Two months on from June’s Brexit vote, the resulting cut in the UK’s base rate to 0.25% and the expansion of quantitative easing has had a profound effect on certain asset classes, boosting valuations for both UK equities and UK government bonds.
However, while in the short term it may have lifted asset prices, it has also left bond yields uncomfortably near to zero, and Jones said policymakers now needed to work closely together to tackle this challenge and its wide-reaching impact on markets.
“Risk markets are feeling the love of benign policies, moderate economic growth, and much lower discount rates,” he said.
“The problem with these low yields, however, is that they intensify the pressure on large institutional balance sheets. The result has been yet another slip for solvency levels for pension schemes, which in turn intensifies the pressure on sponsors to direct earnings away from reinvestment in attractive future opportunities to lessening accrued deficits.”
Jones said collaboration was now needed by UK policymakers if markets are to continue to make progress. “Ultimately, this is not how quantitative easing is supposed to work, and if they are to deal successfully with the greatest set of economic problems in living memory, policymakers – monetary, fiscal and regulatory – need to act in unison.”
“We look for the autumn/winter to bring a fresh approach to the economic challenges we face and for markets to react favourably. But the stakes are high. Brexit, and the monetary policy response that followed, has taken bond yields to unprecedented levels and if we allow these yields to reflect, rather than stimulate, final demand, then the penalties will be severe.”

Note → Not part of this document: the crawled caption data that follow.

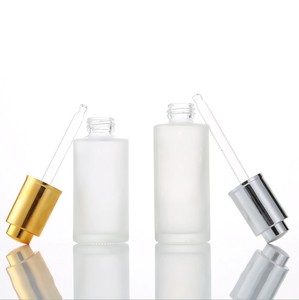 30 ml rõ ràng <span class=keywords><strong>Frosted</strong></span> Báo Chí sang trọng <span class=keywords><strong>push</strong></span> <span class=keywords><strong>button</strong></span> Vàng Pipette tinh dầu chai thủy tinh với vàng bạc Top - Product Image 3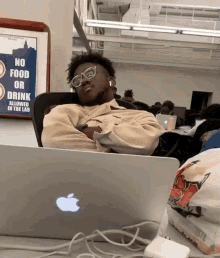 a man sleeping in front of an apple laptop with a sign behind him that says no food or drink allowed in the lab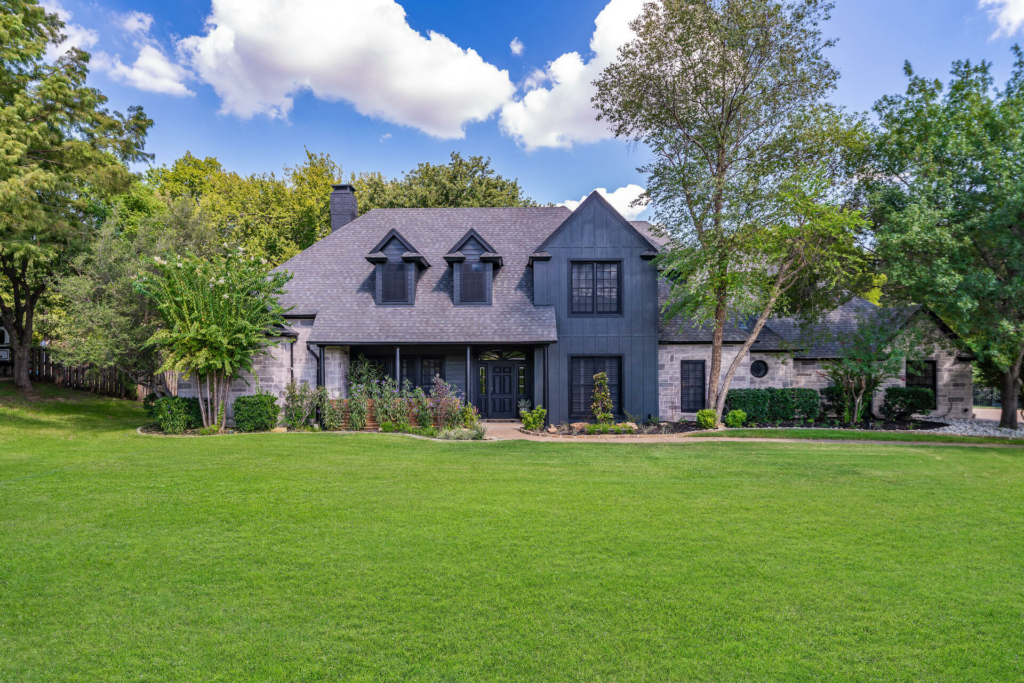 A dark house using StoneCoat products on a clear day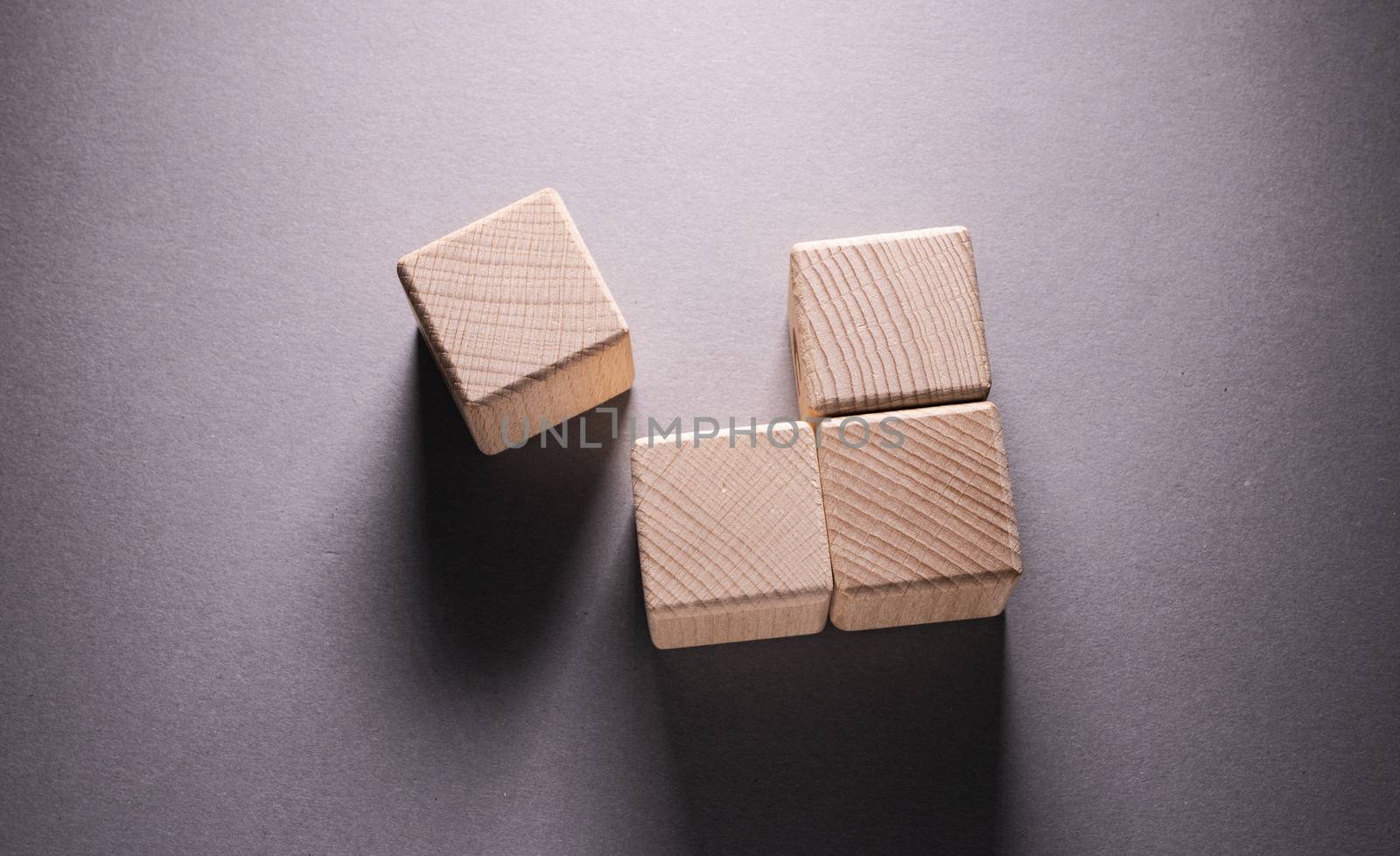 Wooden Geometric Shapes Cube on a paper background , This can use for past your words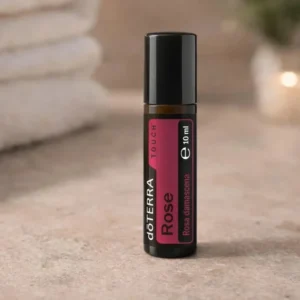 Rose Touch doTERRA na kamiennej podstawce obok złożonych ręczników spa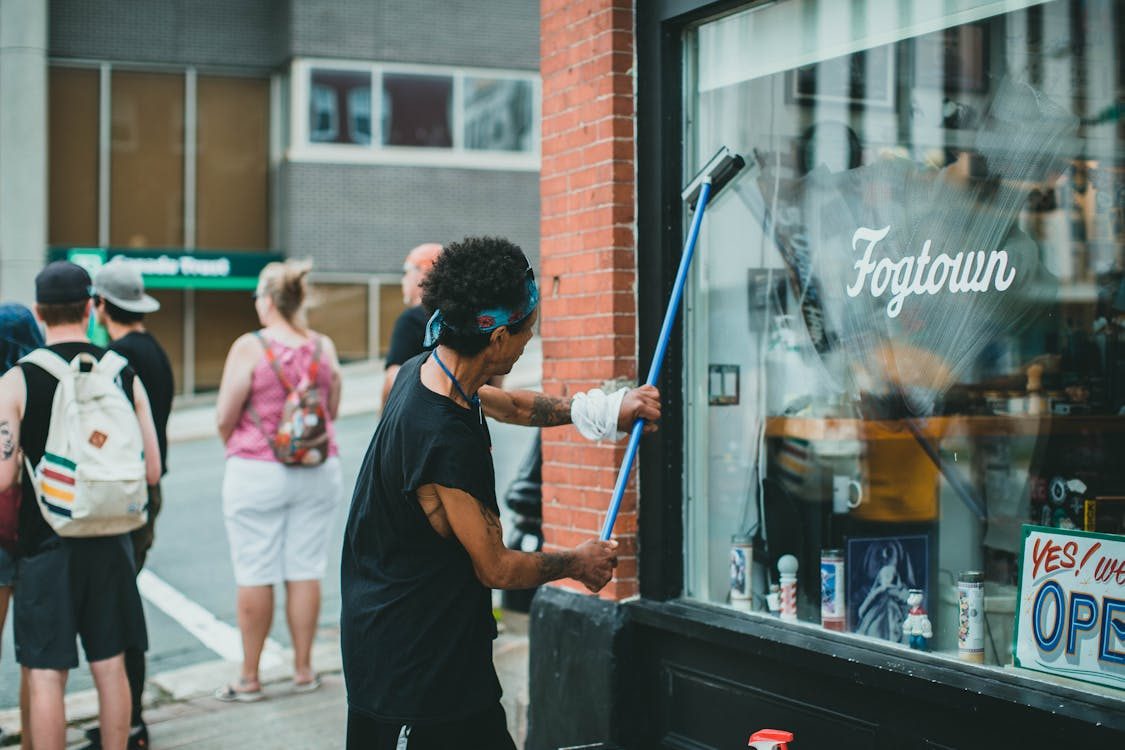 The image shows a person cleaning the window of a store while a group of people stands nearby.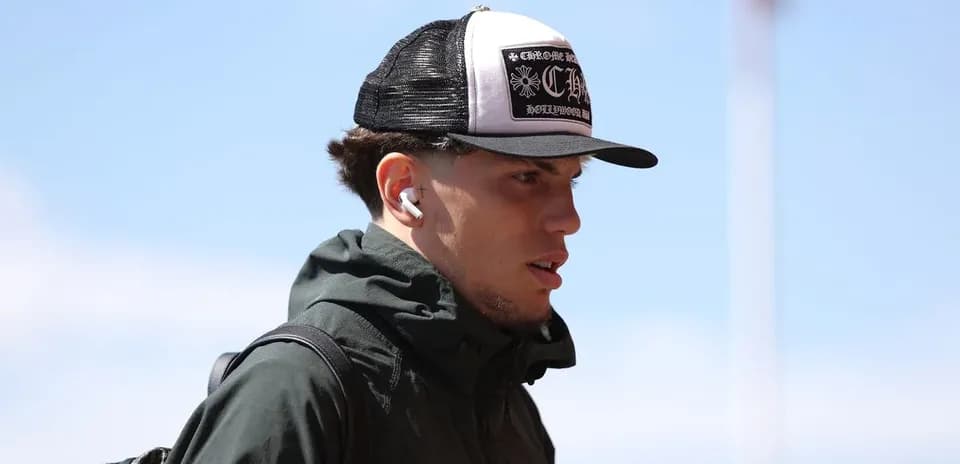 Player walking with hat and earbuds outdoors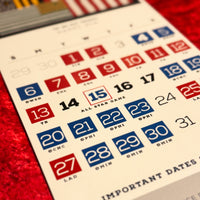 close up photo of 2025 calendar from the red seat with full MLB red sox schedule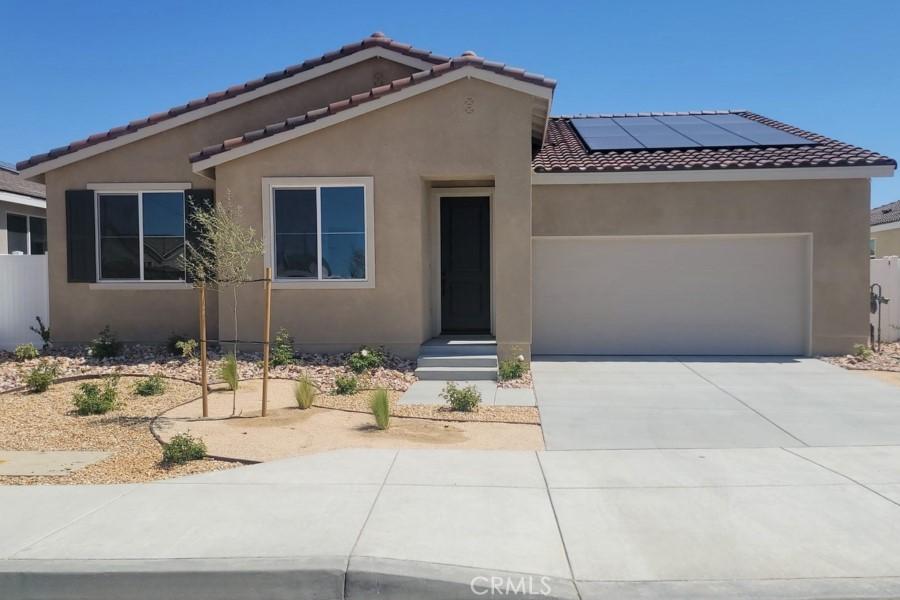 1600 E E Ave H7, Lancaster, CA 93535 - view of front of home featuring stucco siding, an attached garage, roof mounted solar panels, a tiled roof, and driveway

While equities and gilts have rallied strongly since Brexit, Jones added some areas are now presenting potential opportunities following referendum-inspired sell-offs.
In particular, UK commercial property has suffered from a sharp downturn in investor sentiment, and Jones said such areas now offer “genuine bargains” given the scale of the falls.
“UK commercial property prices, particularly in the South East, have suffered the most enduring and negative response to the referendum result,” he said.
“The initial ‘run’ on property funds, however, looks to have been an exaggerated reaction given the limited evidence from actual transactions. It is possible that the 20% mark down in some cases will prove to have been a genuine bargain.”